I always need silence when I write, but when I’m doing research, which is most of the time, I like to have music in the background. Often I’ll fire up my shortwave receiver and find something exotic, though these days it’s much easier to use the internet. A favorite is Matariki Radio in the Cook Islands, which blends Polynesian rhythms with updates of shipping news to the outer islands and local ads for trading companies and burger joints that stretch the imagination.
Everything else is on the internet, so why not radio? Many stations offer streaming options on their websites, but if you want to consolidate your listening, you can always use an aggregator site like Tunein.com, which offers a handy search engine.
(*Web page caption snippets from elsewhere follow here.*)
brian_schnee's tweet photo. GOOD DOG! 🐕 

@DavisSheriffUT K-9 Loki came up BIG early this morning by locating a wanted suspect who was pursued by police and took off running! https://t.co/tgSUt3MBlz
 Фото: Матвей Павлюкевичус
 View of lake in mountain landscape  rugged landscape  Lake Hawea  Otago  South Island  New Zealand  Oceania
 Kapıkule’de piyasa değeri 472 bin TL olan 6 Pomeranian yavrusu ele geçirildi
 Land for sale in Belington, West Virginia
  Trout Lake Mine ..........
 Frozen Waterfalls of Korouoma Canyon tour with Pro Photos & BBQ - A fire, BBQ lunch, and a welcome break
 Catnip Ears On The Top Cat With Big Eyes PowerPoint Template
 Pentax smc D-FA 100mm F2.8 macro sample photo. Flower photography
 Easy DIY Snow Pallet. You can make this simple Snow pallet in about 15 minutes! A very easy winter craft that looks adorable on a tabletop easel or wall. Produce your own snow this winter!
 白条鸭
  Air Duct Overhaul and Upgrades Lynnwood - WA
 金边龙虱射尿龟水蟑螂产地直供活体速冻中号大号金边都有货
Pick your continent and country and you can find not just the major broadcasters but the fascinating local outlets that give you a feel for how life is lived in the kind of places you’re hoping to travel to one day.
But listening to distant stations doesn’t keep local stations alive, and it’s conventional AM/FM radio – what we all grew up with – that is threatened, according to a new report out of New York University. Is traditional radio – the stations that broadcast a signal over an antenna and fill up drive-time hours for so many drivers – headed for an inevitable decline?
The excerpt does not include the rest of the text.